Kriz, bir yandan iş alanlarını genişletirken, diğer yandan mevcut çalışma hayatına etkide bulundu. Örneğin pandemi dönemi e-ticaret, online yemek ve market siparişleri arttı. Buna bağlı olarak kargo, kurye gibi taşımacılık sektörü büyüdü. 

Online işlemler ve çağrı merkezi işleri de yoğunlaştı.

Bankalar, şirketler geçmişte kendi bünyesinde bir çağrı merkezi ofisi bulunduruyordu. Ardından çağrı merkezi şirketlerinin kurulmasıyla birlikte taşeron olarak bu hizmet verildi. Her seferinde işçilerin haklarına daha da saldırıldı. 

Bugün çağrı merkezi patronları sürekli zenginleşirken, işçilerin ücretleri açlık sınırının altında, asgari ücret seviyesinde seyrediyor. Zorunlu fazla mesai yaptırılıyor, fazla mesaiye kalınırsa da ücretleri çoğu zaman ödenmiyor.

Günlük mesainin her saniyesinin planlanıp denetlendiği bu sektörde, iş baskısı ve performans dayatması sürekli artıyor. Uzaktan çalışan çağrı merkezi çalışanları için “nasıl olsa evdesin” denilerek her saat çağrı yanıtlanması isteniyor.

Sektörde çalışan işçilerin çoğu üniversite mezunu ve farklı mesleklere sahip olan işçiler. Çağrı merkezi çalışanları çoğunlukla kendi meslekleri dışında bir işte çalışmak zorunda kalıyor. Haliyle çağrı merkezleri işte süreksizliğin en yoğun olduğu işlerden de birisi. Senesi dolmadan, dolayısıyla kıdem tazminatı hakkı kazanılmasına fırsat verilmeden haksız bir şekilde işten çıkarılıyorlar.

Aslında mesele sadece çağrı merkezleri veya çağrı merkezi çalışanları değil, bütünüyle işçi sınıfına iyi gösterilecek bir iş veya meslek yok. Geleceksizlik, uzun çalışma saatleri, baskı, güvencesizlik, ömür boyu çalışma gibi zorluklar nedeniyle, genel olarak çalışma hayatı herkes için çekilmez bir hale gelmiş durumda. Bu tablodan tek mutlu olanlar patronlar. 

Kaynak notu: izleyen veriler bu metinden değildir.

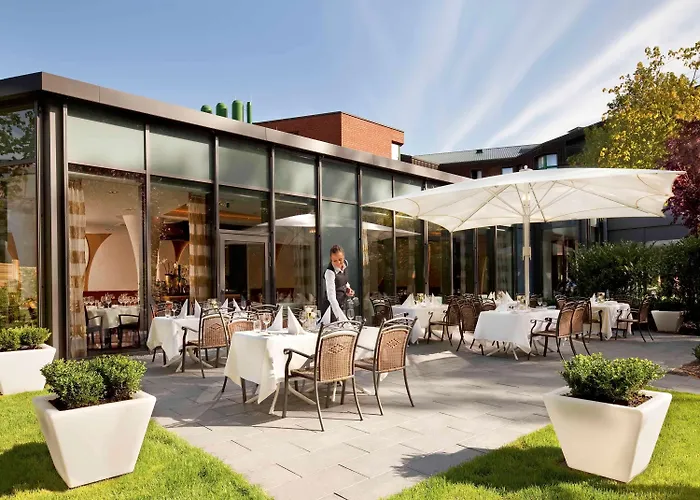 Mövenpick Am Aasee Munster (North Rhine-Westphalia)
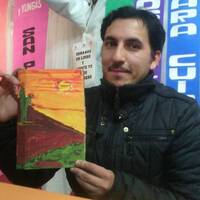 Carlos Motok - Libros Cartoneros - Feria del Libro 2018 by UNJu Radio 05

Geçtiğimiz günlerde farklı çağrı merkezlerinde çalışan işçiler Patronların Ensesindeyiz Ağı’yla bir araya gelerek yaşadıkları sorunlara karşı ne yapacaklarını planladılar. İşçiler, günlük 16 lira yemek ücreti, uzun saatler molasız çalışma, düşük ücretler, mobbing, iş baskısı gibi sorunlara karşı talepler oluşturup mücadele etmeye başladılar. Farklı büyük şirketlerin çağrılarını karşılayan işçiler haklarını kazanmak için örgütlenmeye başladılar.

Patronların işçileri duygusuz bir makine görmesine izin verilmemelidir. İki gün önce bir yakınınızı kaybetmiş olabilir ve bunun için çok üzülmüş ya da birilerine kızmış ve sonra özür dilemiş olabilirsiniz. Bunlar insan olmanın özellikleri ve erdemleridir. Patronların isteği hep daha fazla kâr olduğu için yaratmaya çalıştığı bu profesyonellik işçiler üzerinde baskı kurmanın, daha fazla sömürmenin ve örgütsüzleştirmenin zeminini sunuyor.

Patronların beklediği meslek “profesyonelliğinde” öfkeye de yer yok. Ama kölece çalışma koşullarına, hak gasplarına ve sömürüye karşı öfke en insani özelliktir.